Em 2019, Yang organizou uma reunião com o então ministro de Obras Públicas, Alfredo Moreno, em nome do China Railway International Group, de acordo com registros de lobby. A discussão foi focada nos projetos de infraestrutura da empresa no Chile, segundo a reportagem do T13.

Em 27 de junho de 2023, Yang participou de uma reunião de lobby com Marcela Hernando, então ministra de Minas do Chile.

Como representante da Câmara de Comércio e Indústria Chinesa no Chile, Yang buscou "compreender a estratégia de desenvolvimento, os principais projetos e as oportunidades de cooperação no setor de mineração do Chile e ter uma comunicação e discussão aprofundadas com sua equipe", detalhou a plataforma Ley del Lobby, citada pelo T13.

Yang acompanhou uma delegação de parlamentares chilenos à China em 2024, atuando como lobista. A visita fazia parte das atividades programadas do Comitê de Diálogo Político, órgão conjunto do Congresso Nacional chileno e do Congresso Nacional do Povo chinês.

Pequim arcou com a maior parte das despesas, e a Câmara dos Deputados chilena contribuiu com uma pequena parcela para custos adicionais, informou o T13. A delegação foi chefiada por Cariola, então presidente da Câmara dos Deputados.
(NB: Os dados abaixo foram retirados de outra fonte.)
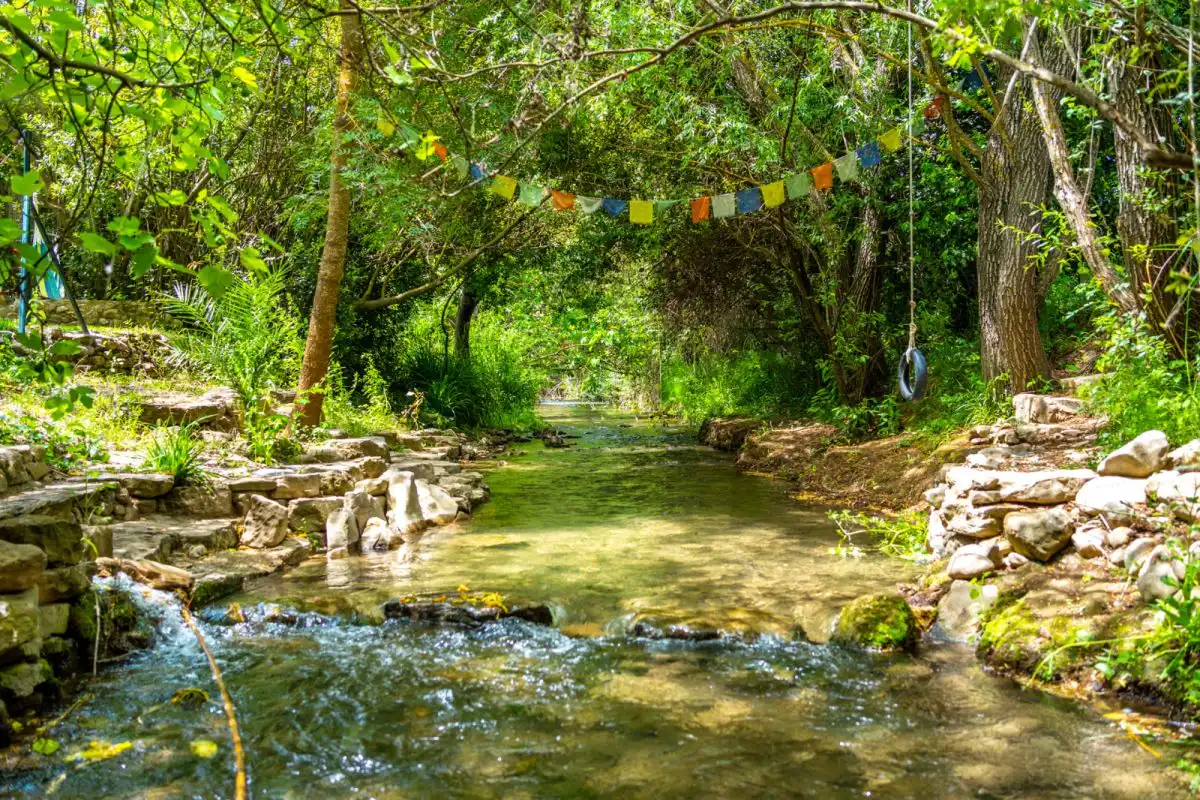 Casa rústica amb piscina en venda a Zahara, imagen 24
Além disso, Yang viaja com frequência, segundo o T13. Desde 2012, ele fez pelo menos nove viagens registradas do Chile para o México, Brasil, China, Argentina e Peru.

Negócio obscuro

Além de suas conexões políticas, Yang é fortemente ligado à crescente rede de empresas chinesas no Chile.

Uma delas é o China Mart, supermercado situado no bairro Meiggs, em Santiago, que concentra a maior mão de obra chinesa da cidade.

A loja estaria no centro de uma disputa pela licença de bebidas alcoólicas, o que levou Cariola, então presidente da Câmara dos Deputados, a pedir a intervenção de Hassler, então prefeito de Santiago, em seu favor, supostamente devido à sua amizade com o empresário e lobista Yang, de acordo com as transcrições de conversas do WhatsApp.

Em meados de março de 2023, a autoridade máxima de saúde metropolitana (SEREMI) fechou o China Mart após centenas de reclamações de cidadãos nas redes sociais, informou o jornal El Mercurio em 7 de março.

As autoridades confirmaram relatos que circulavam em plataformas como o TikTok de que a loja vendia carne de tartaruga e de outros animais exóticos sem a devida rotulagem.

Uma equipe do Entorno visitou o supermercado neste ano. A loja voltou a funcionar e está operando normalmente, com vários produtos de origem e rotulagem questionáveis ​​ainda à venda.

Segundo a mídia local, Yang registrou várias empresas no Chile, entre as quais a Comercializadora Maxworld Limitada, a Fanatico X Coo Limitada e a Comercializadora Imperio Dragon Limitada, sendo esta última ligada a jogos eletrônicos e salões de sinuca.

Em 2017, a receita federal do Chile (SII) multou a Imperio Dragon por sonegação fiscal.

Yang também é investigado em razão de sua sociedade na Fanatico X Coo Limitada com um cidadão chinês que enfrenta três processos judiciais por contrabando. Esse mesmo sócio é dono de um apartamento onde Cariola morava até o escândalo vir à tona.

Cariola pagava à Fanatico X Coo Limitada um aluguel 28% abaixo do preço de mercado.

Por conta dessas e de outras irregularidades, o El Mercurio informa que o Ministério Público solicitou uma declaração formal de Yang e uma lista de todos os fornecedores chineses que têm contratos em vigor ou expirados com o município de Santiago.

Em meio à crescente polêmica, a embaixada chinesa no Chile emitiu rapidamente uma resposta em 7 de março, distanciando-se de Yang.

"Os canais de comunicação desta Missão Diplomática com o Governo e o Congresso Nacional do Chile são diretos e fluidos, razão pela qual em nenhum caso a Embaixada recorrerá a qualquer intermediário para se comunicar com as autoridades chilenas", segundo o comunicado.